- Study material -
Content starts

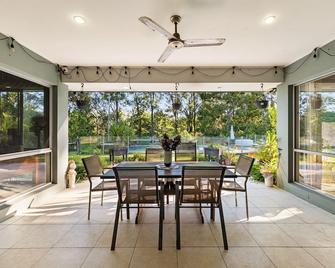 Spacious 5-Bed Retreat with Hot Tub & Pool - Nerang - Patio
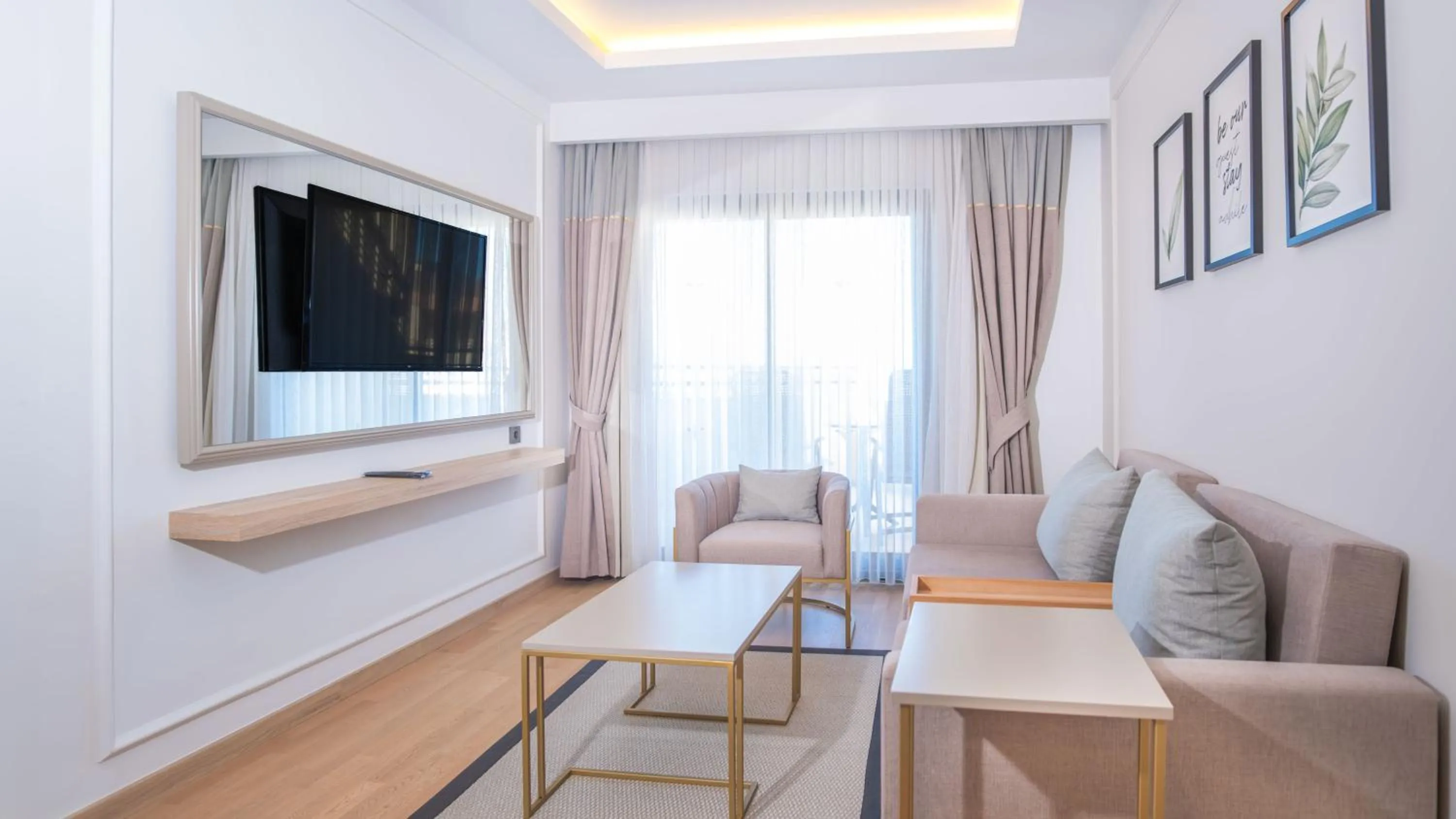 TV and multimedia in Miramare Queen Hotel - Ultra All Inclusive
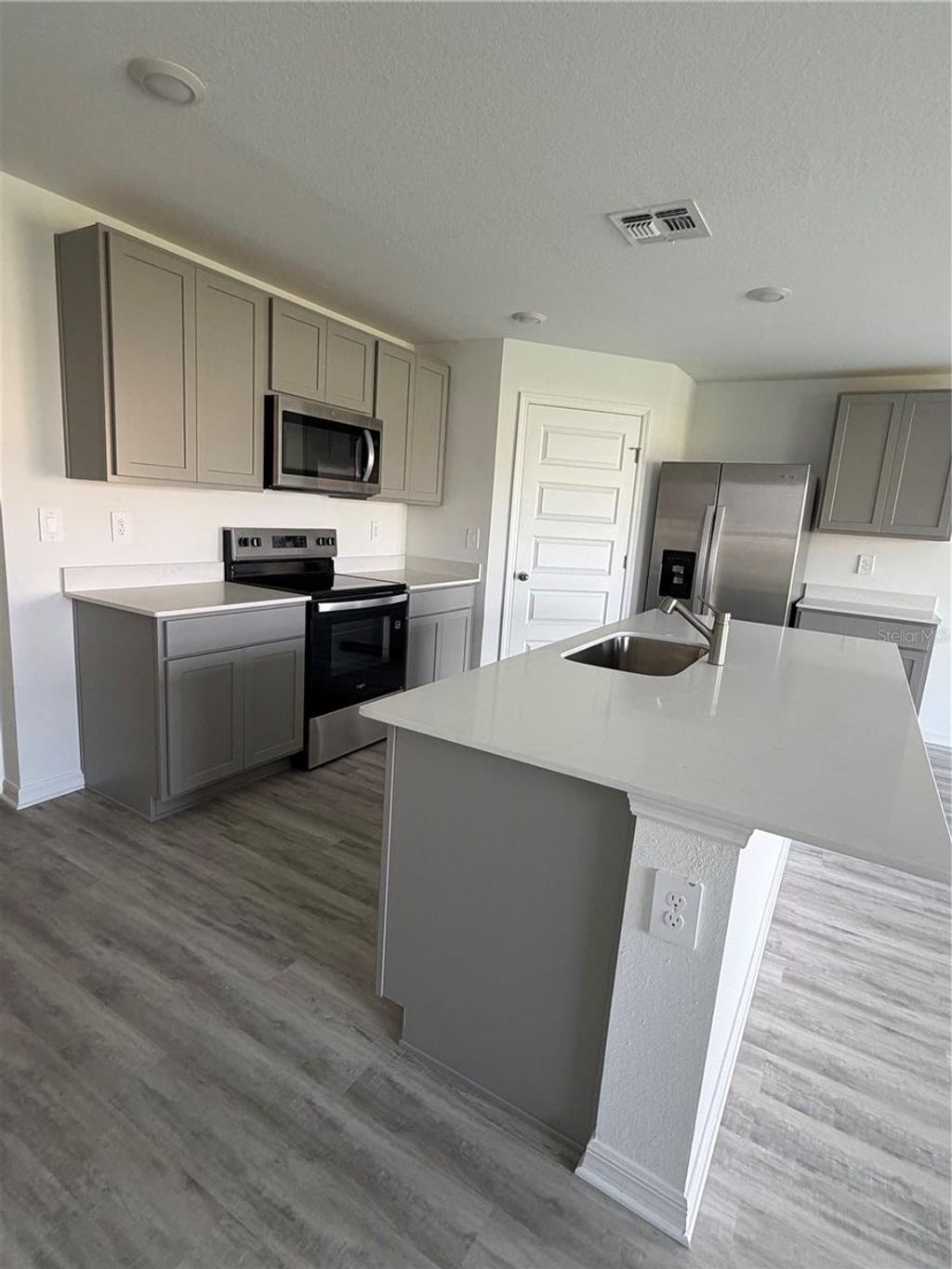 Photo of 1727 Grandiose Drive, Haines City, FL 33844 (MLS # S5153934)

Content ends
Content starts

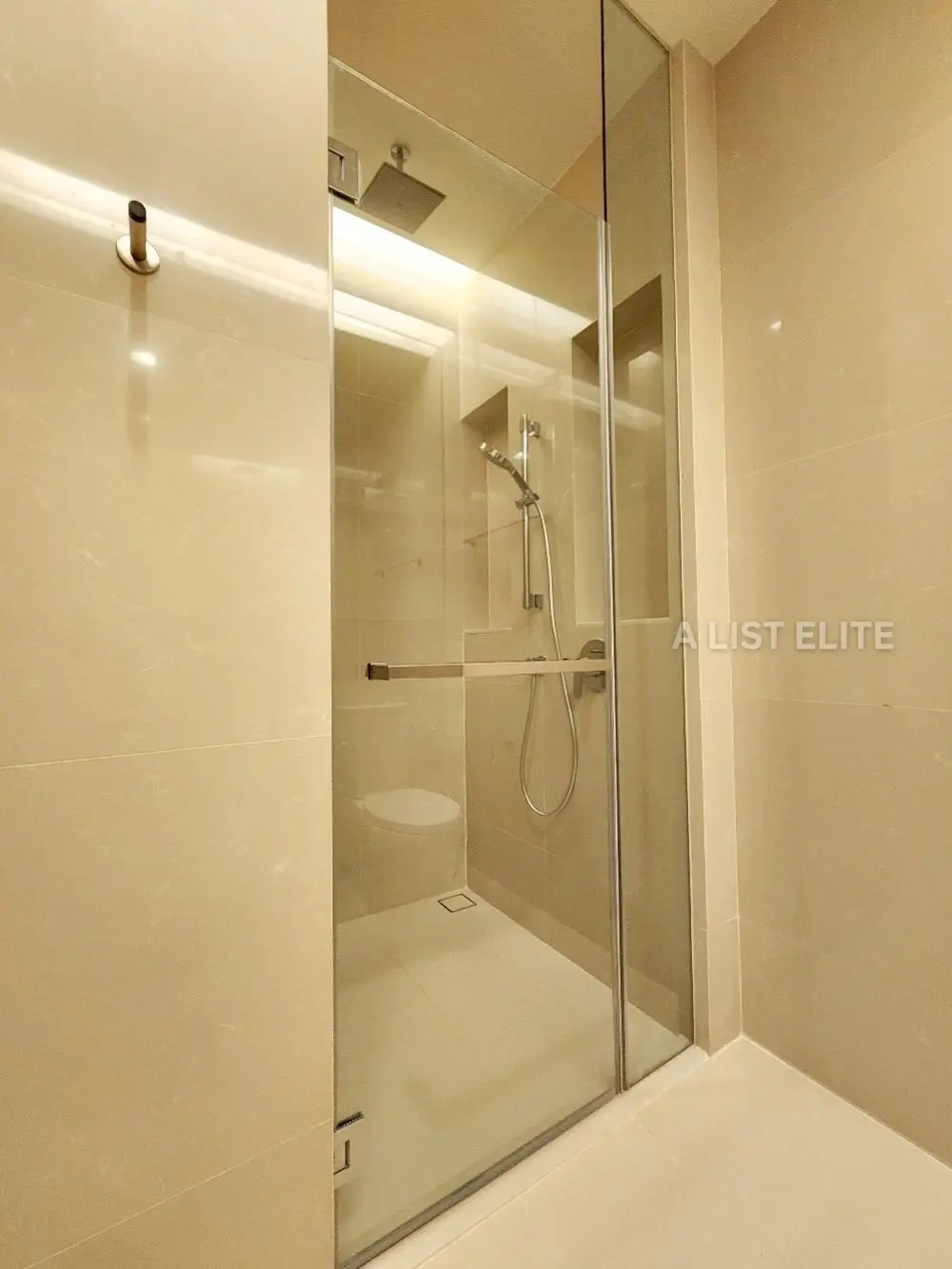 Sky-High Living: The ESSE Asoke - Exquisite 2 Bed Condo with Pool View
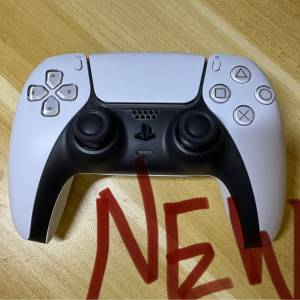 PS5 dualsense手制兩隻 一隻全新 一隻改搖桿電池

Content ends

- Work to complete -
Go to the line above that contains "Spacious 5-Bed Retreat" and reproduce everything exactly from there through the line that contains "Photo of 1727", leaving out the pictures.

- Exercise result -
 Spacious 5-Bed Retreat with Hot Tub & Pool - Nerang - Patio
 TV and multimedia in Miramare Queen Hotel - Ultra All Inclusive
 Photo of 1727 Grandiose Drive, Haines City, FL 33844 (MLS # S5153934)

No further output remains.